Lambda Execution Issues
Hey there! Awesome library! I am running into some issues. I hope the community here can help me troubleshoot them. I am attempting to run hrequests in Lambda to interact with specific web pages when a function URL is called.
I am using the AWS SDK to deploy a Docker container similar to the following to ECR -> Lambda:
FROM mcr.microsoft.com/playwright/python:v1.34.0-jammy
# Include global arg in this stage of the build
ARG FUNCTION_DIR
RUN mkdir -p ${FUNCTION_DIR}
COPY app.py ${FUNCTION_DIR}
WORKDIR /app
COPY ./mytool/pyproject.toml ./mytool/poetry.lock /app/
COPY ./mytool/. /app
# Install dependencies using poetry
RUN pip install --no-cache-dir poetry awslambdaric aws-xray-sdk sh \
&& poetry config virtualenvs.create false \
&& poetry install --no-interaction --no-ansi
RUN python -m playwright install-deps
RUN python -m playwright install
WORKDIR ${FUNCTION_DIR}
ENTRYPOINT [ "/usr/bin/python", "-m", "awslambdaric" ]
CMD [ "app.handler" ]
An app.py file similar to the following is then called using said function URL via awslambdaric:
def handler(event, context):
logger.debug(msg=f"Initial event: {event}")
headers = event["headers"]
header_validation = validate_headers(headers)
input = headers["x-input"]
try:
command = headers["x-command"].split()
command.extend(input.split())
except Exception as e:
logger.error(msg=f"Error parsing command: {e}")
return {
"statusCode": 500,
"body": f"Error parsing command: {e}",
}
parsed = []
try:
logger.debug(msg=f"Running command: {command}")
# Set HOME=/tmp to avoid writing to the container filesystem
# Set LD_LIBRARY_PATH to include /usr/lib64 to avoid issues with the AWS X-Ray daemon
os.environ["HOME"] = "/tmp"
os.environ["LD_LIBRARY_PATH"] = "/usr/lib64"

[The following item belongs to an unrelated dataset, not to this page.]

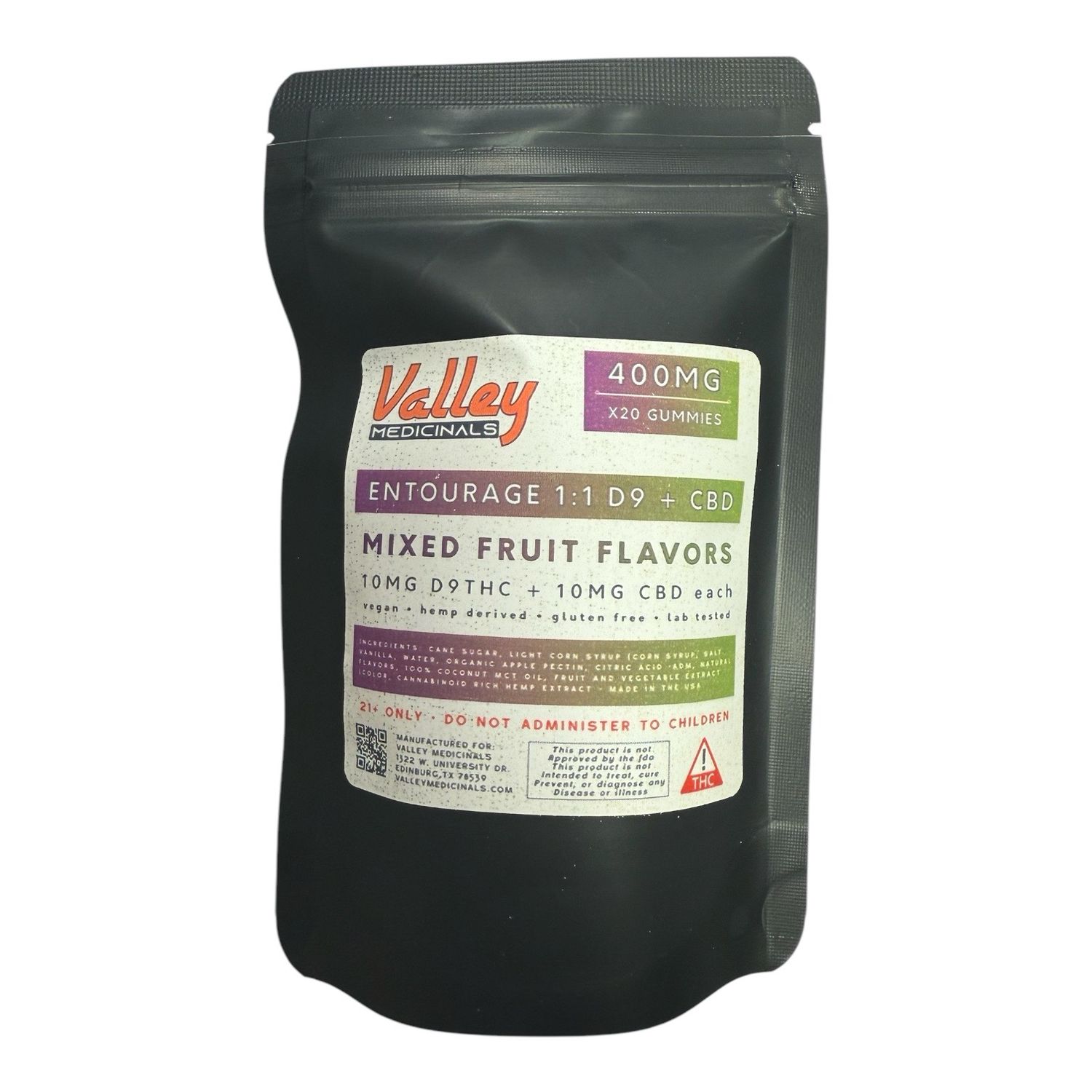 Valley Medicinals&#39; Entourage D9 THC:CBD Vegan Gummy&#39;s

results = subprocess.run(command, capture_output=True, text=True, env=os.environ.copy())
logger.debug(msg=f"Results stdout: {results.stdout}")
logger.debug(msg=f"Results stderr: {results.stderr}")

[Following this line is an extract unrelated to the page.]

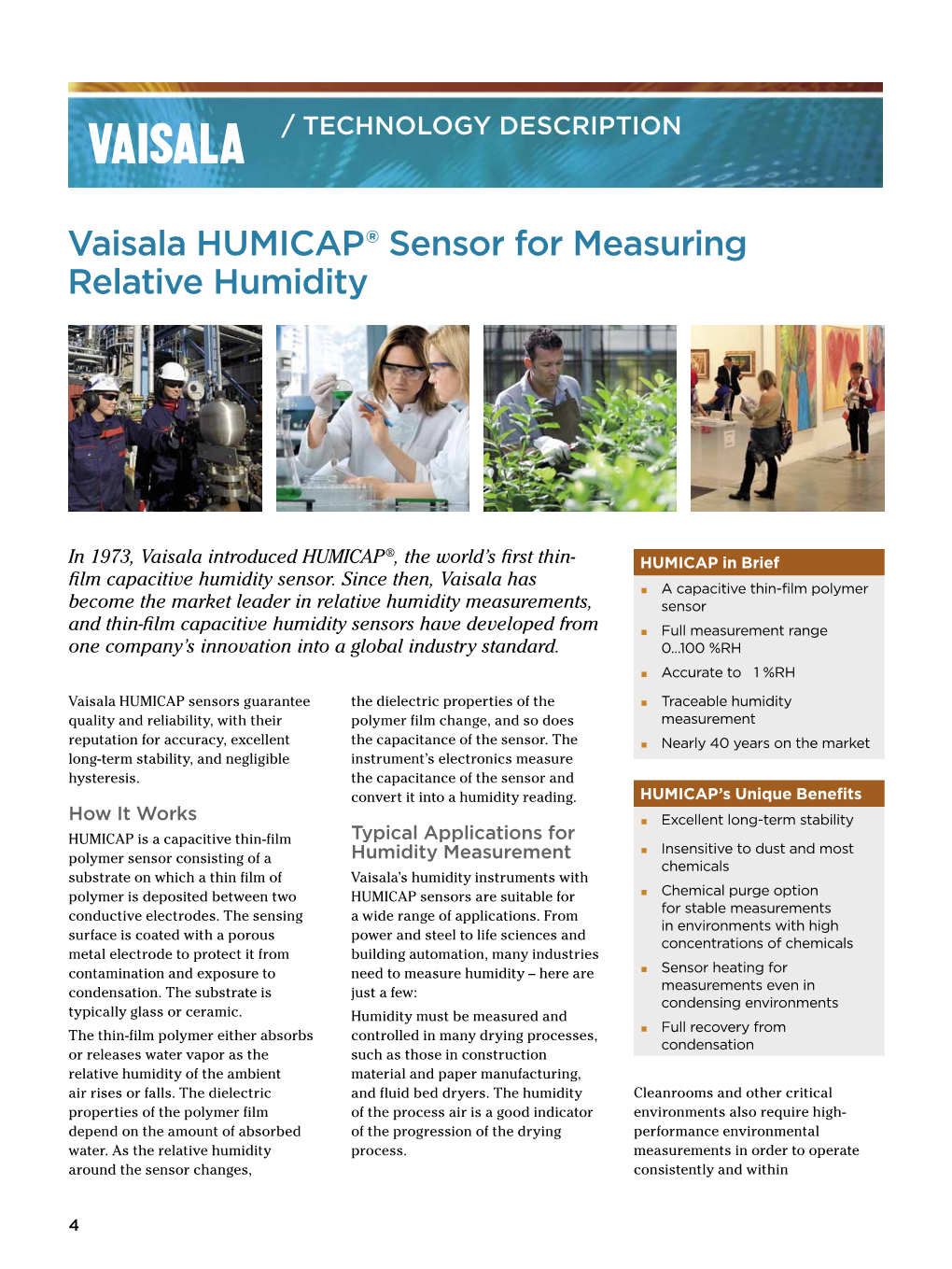 Humidity Vaisala Humicap® Sensor for Measuring Relative Humidity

logger.debug(msg=f"Command exited with code: {results.returncode}")
except subprocess.TimeoutExpired as e:
logger.error(msg=f"Command timed out: {e}")
return {
"statusCode": 408, # HTTP status code for Request Timeout
"body": json.dumps({
"stdout": str(e.stdout),
"stderr": str(e.stderr),
"e": str(e),
"error": "Command timed out"
}),
}
except Exception as e:
logger.error(msg=f"Error executing command: {e}")
return {
"statusCode": 500,
"body": f"Error executing command: {e}",
}
try:
for line in results.stdout.splitlines():
parsed_json = json.loads(line)
logger.debug(msg=f"Output: {parsed_json}")

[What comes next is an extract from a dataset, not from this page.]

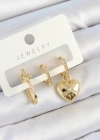 Pirinç Zirkon Taşlı Kalp Model Gold Renk 3lü Çift Kadın Küpe Set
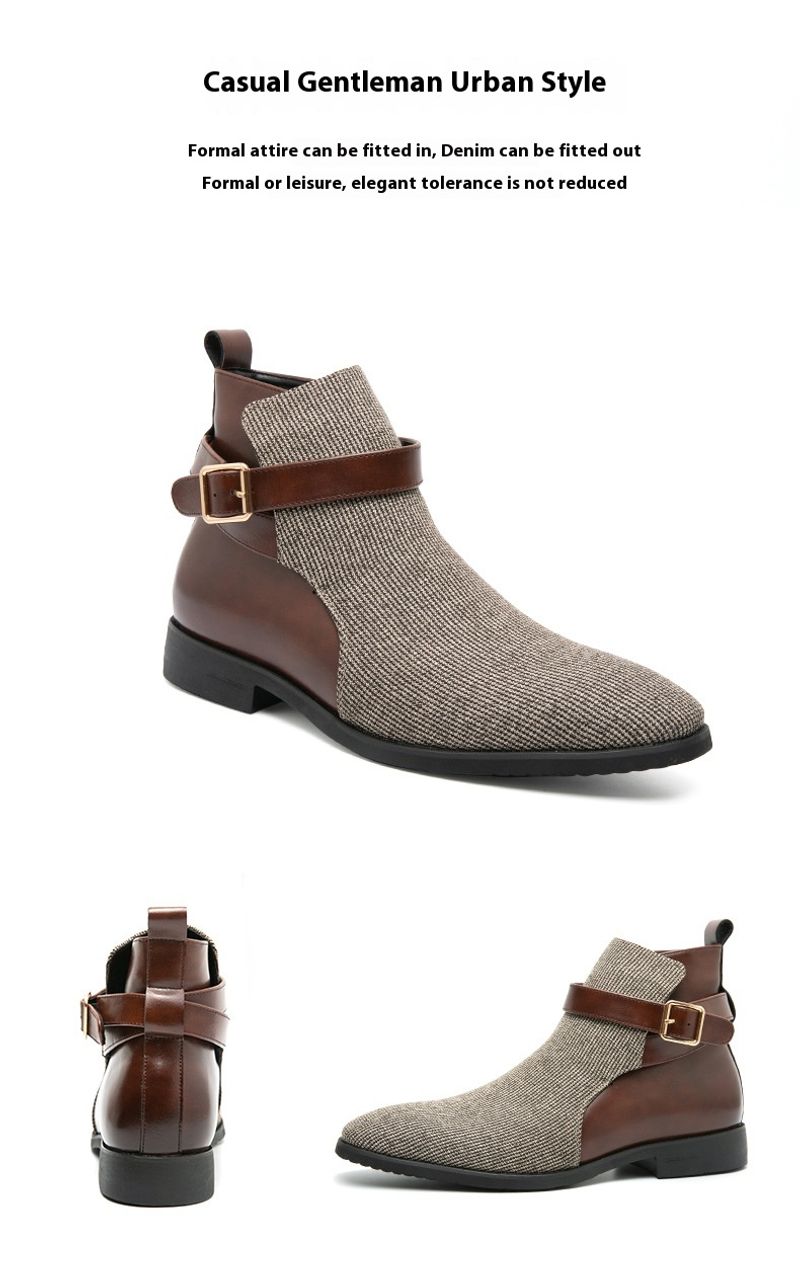 Große High-Top-Schuhe, trendige Lederstiefel für Herren in koreanischer Version, personalisierte britische Freizeitstiefel mit Schnalle_voghion.com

parsed.append(parsed_json)
except Exception as e:
logger.error(msg=f"Error parsing output: {e}")
return {
"statusCode": 500,
"body": f"Error parsing output: {e}",
}
xray_recorder.end_segment()
return {"statusCode": 200, "body": json.dumps(parsed)}
This app.py code is calling a separate tool I have created that utilizes hrequests for navigation and interaction with web pages. When calling the app.py file with the function URL, however, the following error is returned from hrequests specifically:
Exception in thread Thread-1 (spawn_main):
Traceback (most recent call last):
File "/usr/lib/python3.10/threading.py", line 1016, in _bootstrap_inner
self.run()
File "/usr/lib/python3.10/threading.py", line 953, in run
self._target(*self._args, **self._kwargs)
File "/usr/local/lib/python3.10/dist-packages/hrequests/browser.py", line 128, in spawn_main
asyncio.new_event_loop().run_until_complete(self.main())
File "/usr/lib/python3.10/asyncio/base_events.py", line 646, in run_until_complete
return future.result()
File "/usr/local/lib/python3.10/dist-packages/hrequests/browser.py", line 135, in main
self.context = await self.client.new_context(
File "/usr/local/lib/python3.10/dist-packages/hrequests/playwright_mock/playwright_mock.py", line 38, in new_context
_browser = await context.new_context(
File "/usr/local/lib/python3.10/dist-packages/hrequests/playwright_mock/context.py", line 6, in new_context
context = await inst.main_browser.new_context(
File "/usr/local/lib/python3.10/dist-packages/playwright/async_api/_generated.py", line 14154, in new_context
await self._impl_obj.new_context(
File "/usr/local/lib/python3.10/dist-packages/playwright/_impl/_browser.py", line 127, in new_context
channel = await self._channel.send("newContext", params)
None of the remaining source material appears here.